TV Tuners for Your PC
Emru Townsend is a freelance writer in Montreal and is the editor of Frames per Second magazine. Eric Butterfield is an associate editor for PC World.
The impressive play and record features of the Hauppauge WinTV-PVR-150 and ATI TV Wonder USB 2.0 help make them our top choices for putting TV on your PC.
You don't have to buy a pricey Media Center PC or get a TiVo to record your favorite television shows. For as little as $89, you can outfit your PC with a TV tuner that will let you pause and rewind live TV and record shows to your hard drive.

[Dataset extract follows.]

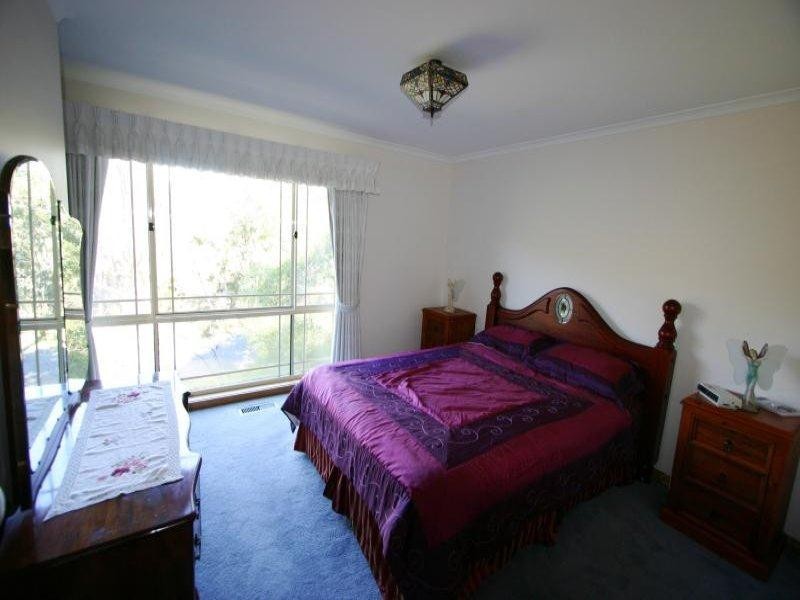 4 Pindari Drive, Mount Clear, Mount Clear VIC 3350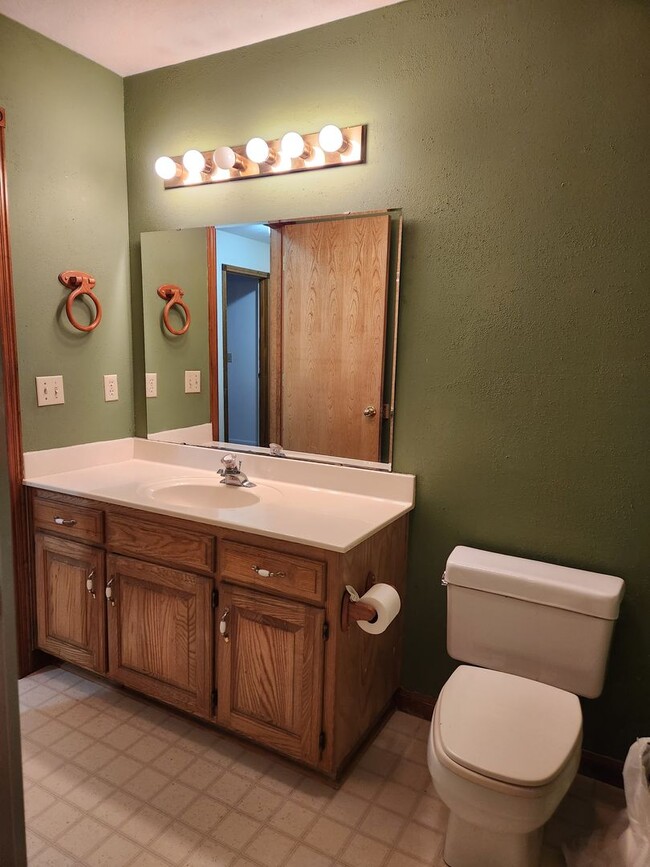 Building Photo - Southwest Springfield 3 Bed / 2 Bath Home ...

TV tuners for the PC come in two flavors: PCI cards and external USB boxes. They make it a snap to watch full-screen, full-motion video on a monitor, or keep an eye on a show in a smaller window while surfing the Web. We tested two PCI cards (ADS Tech's $89 Instant TV +FM PCI and Hauppauge's $99 WinTV-PVR-150) and three USB devices (ATI's $124 TV Wonder USB 2.0 with optional remote control, AVerMedia's $99 UltraTV USB 300, and the $140 Hauppauge WinTV-PVR-USB2). Both the Hauppauge WinTV-PVR-USB2 and the ADS Tech come with an FM tuner and an antenna, but only the Hauppauge can receive FM signals via coaxial cable (assuming that your cable TV company provides the service). All of the devices have inputs for coaxial, composite, and S-Video cables. To test the tuners, we used live TV and coaxial inputs. All of them delivered acceptable video and audio: Though image quality varied a little, the differences were too slight to affect a buying decision. Still, the images might have been crisper if we had used a set-top box and connected via composite or, even better, S-Video. You can also use the composite and S-Video inputs to watch video from an external video source, such as a digital camcorder or a VCR.
Clutter-Free or USB?
ADS Tech Instant TV +FM PCI: This low-cost unit has a remote control and an FM tuner, but its time-shifting could improve.

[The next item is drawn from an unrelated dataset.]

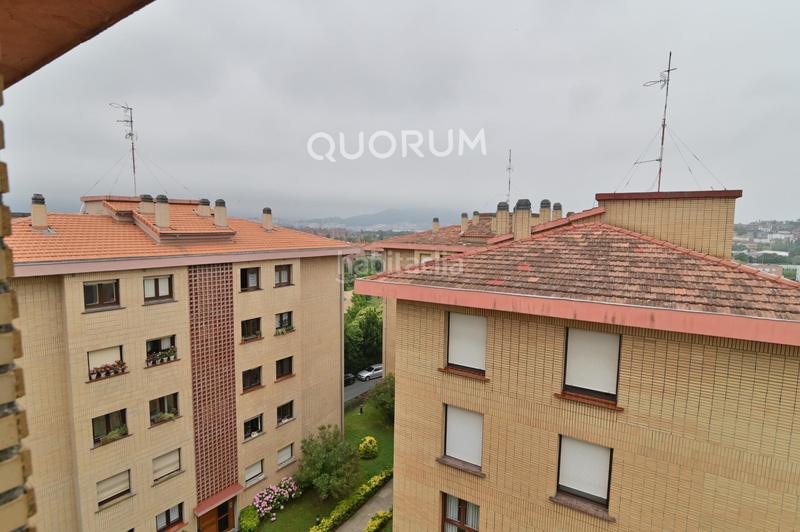 Foto ab9a40a1-b510-4f1e-8b17-83418c5c9d70. Piso vivienda totalmente exterior con piscina comunitaria en Leioa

You might expect that a PCI-based tuner would deliver smoother video and recordings with fewer skips than an external device. All five tuners, however, performed similarly on our test machine, a 2.4-GHz Pentium 4 PC equipped with USB 2.0 ports. (Note that using a PC equipped with USB 1.1 ports might slow down the performance of a USB tuner.) So the choice comes down to a matter of cost, features, and preference.
If you want to keep your desk free of clutter, it's hard to beat a PCI tuner. Once you've installed it and closed your computer's case, it stays completely out of the way. Furthermore, as a general rule, PCI tuner cards are slightly less expensive than their external counterparts.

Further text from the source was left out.